Sinclair is also a big advocate of the importance of wellness alongside hard work, and believes to be successful in business, health and fitness must be a priority. In her late 20s, Sinclair became aware of the negative impacts some food groups were having on her general health. Already a vegetarian, it wasn’t difficult for the entrepreneur to switch to a totally vegan diet, and luckily, it turned out this “challenging development” was a blessing, not a curse. “I don’t think I ever set out for my diet to align with my goal to leave the world in a better state than I found it, but … it seems to have happened anyway. There’s no doubt about it: The world would be a better, healthier, more sustainable place if we all ate less meat”, wrote Emma to the Huffington Post.
Emma is a connector and a powerful leader who believes the workplace is more women-friendly these days than when she started working. “That being said, the statistics on women in the workplace and in particular, tech, are dire.

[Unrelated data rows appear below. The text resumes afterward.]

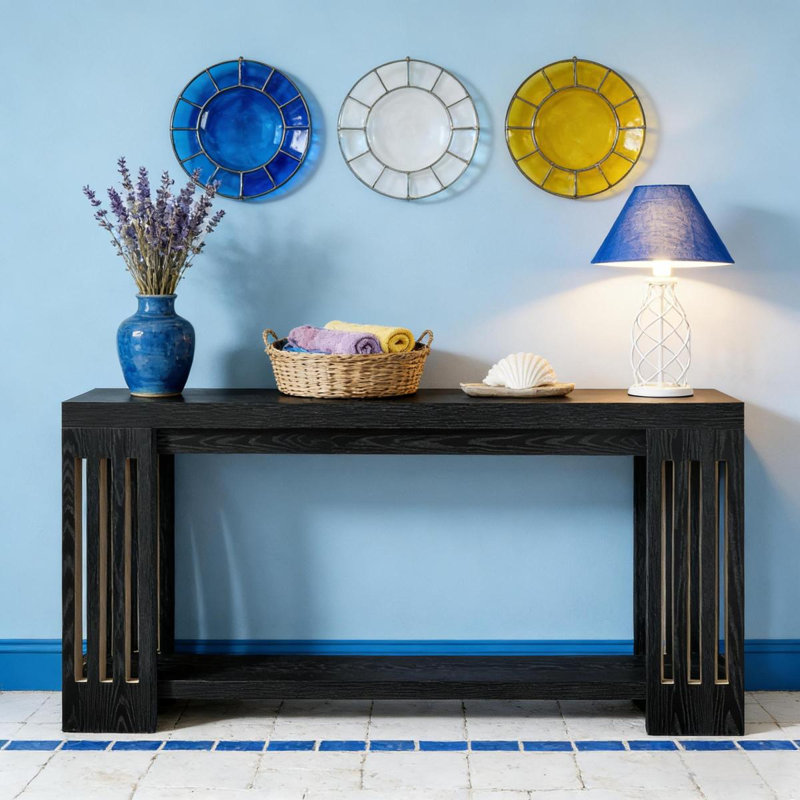 Console, table d'appoint à 2 niveaux, canapé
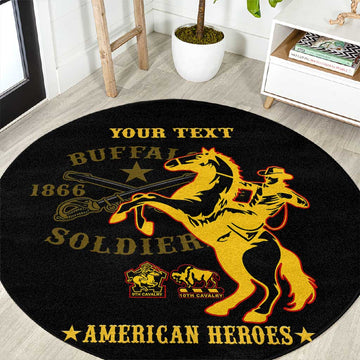Personalized Afro Buffalo Soldiers Round Carpet BSMC United States Army Black LT14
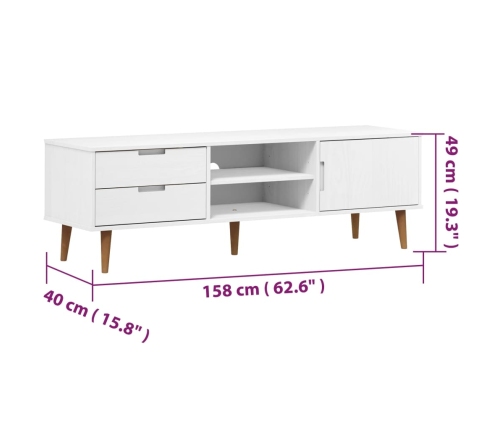 Mueble de TV MOLDE madera maciza de pino blanca 158x40x49 cm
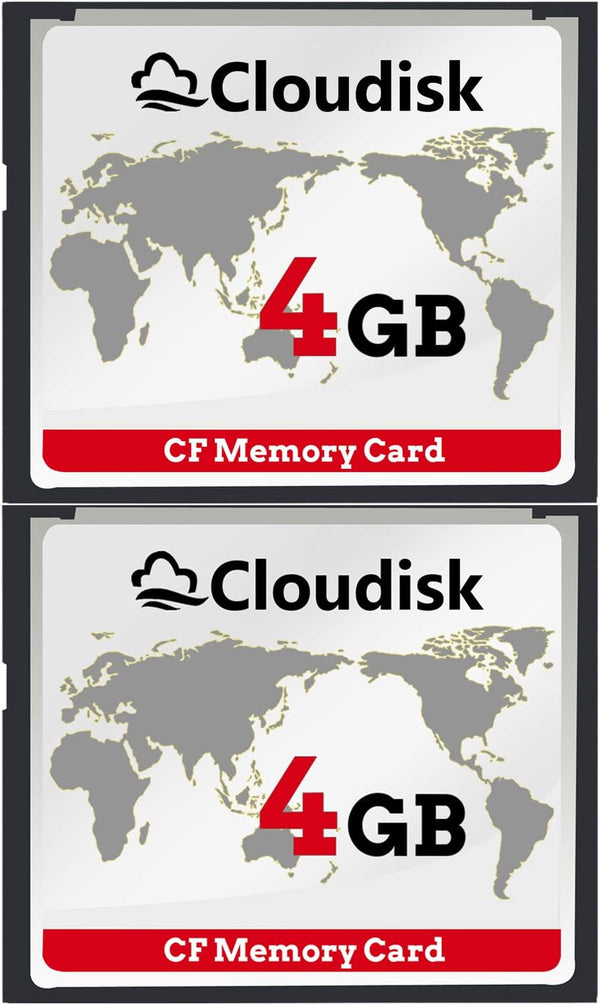 Cloudisk Pack of 2 Compact Flash Card 4GB CF 2.0 Card Performance for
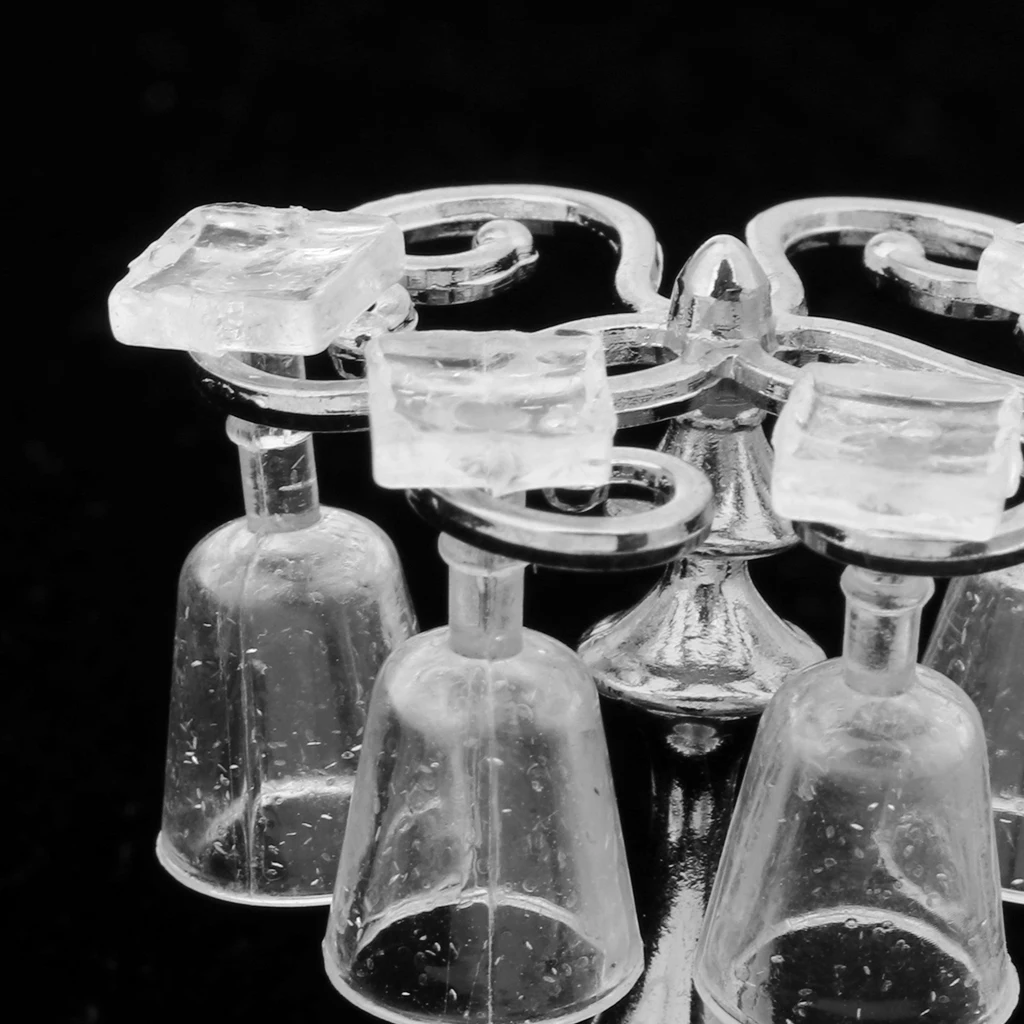 1/12 Dollhouse Miniature Bar Life Scenes Decor  - Silver Glass Wine Cup Holder & 4 Pieces Goblet Kits Kids Pretend Play Toy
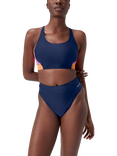 Speedo Colourblock Bikini Swim Top, Cerulean Blue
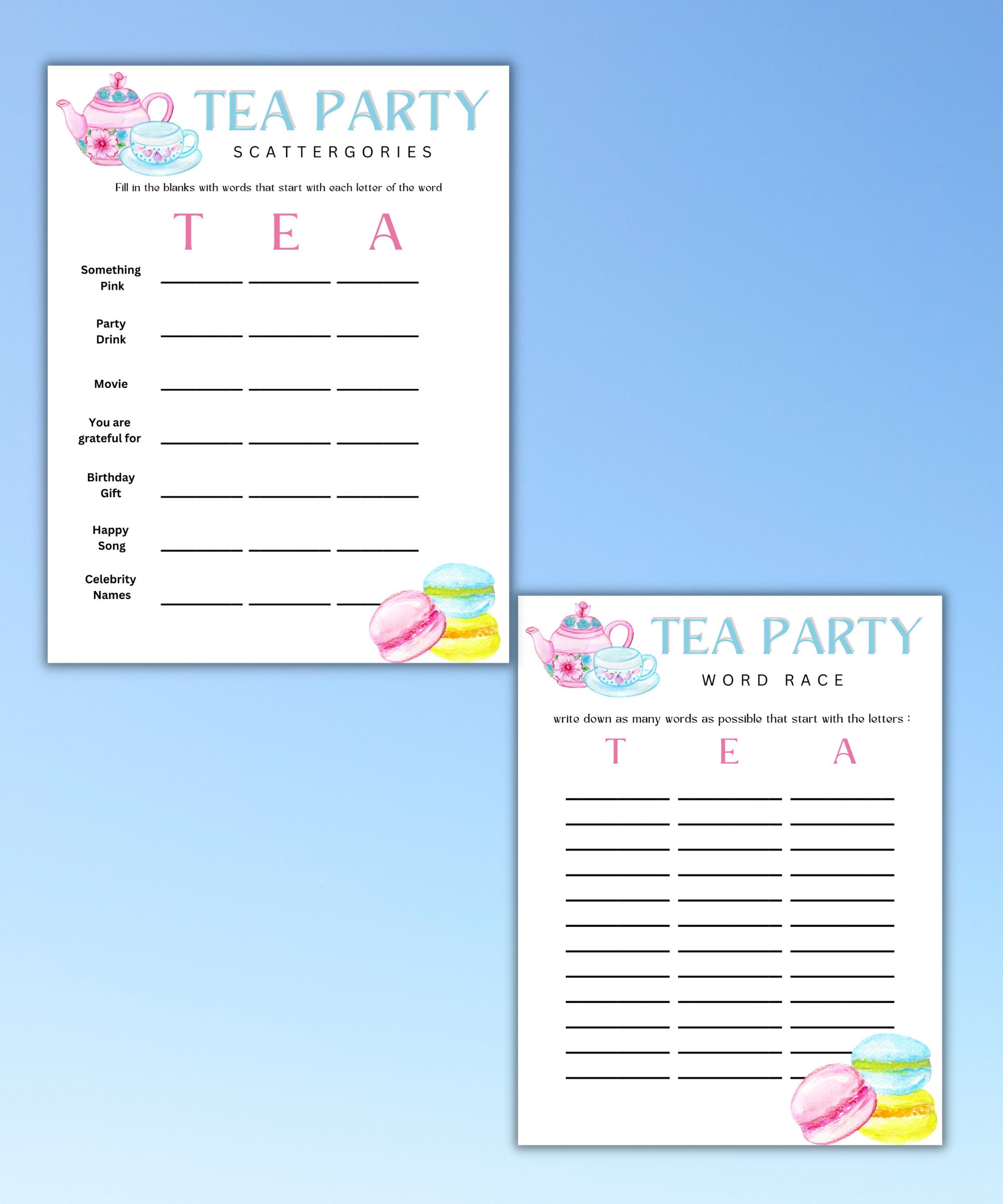 Printable Tea Party Games Bundle Tea Party Games Girls - Etsy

There is a lot of work to do”, commented Sinclair in an interview with India Times.
As a GBx member, and as part of the GBxX group of female founders, Emma was one of 13 of the UK’s top female founders’ to attend the SVC2UK Female Founders in Tech Trade Mission to Silicon Valley in 2016. The program represents the UK tech scene and London’s Mayor to promote UK/US opportunities. She had the opportunity to meet with and learn from senior representatives from some of the biggest names in tech such as Facebook (including Sheryl Sandberg), LinkedIn, Uber, and Silicon Valley Bank.
When it comes to networking, here’s what she wrote: “There is no better way to learn the value of networking – building your friends and acquaintances so that your access to advice and study and work opportunities is extended – rather than by living independently; abroad or not”.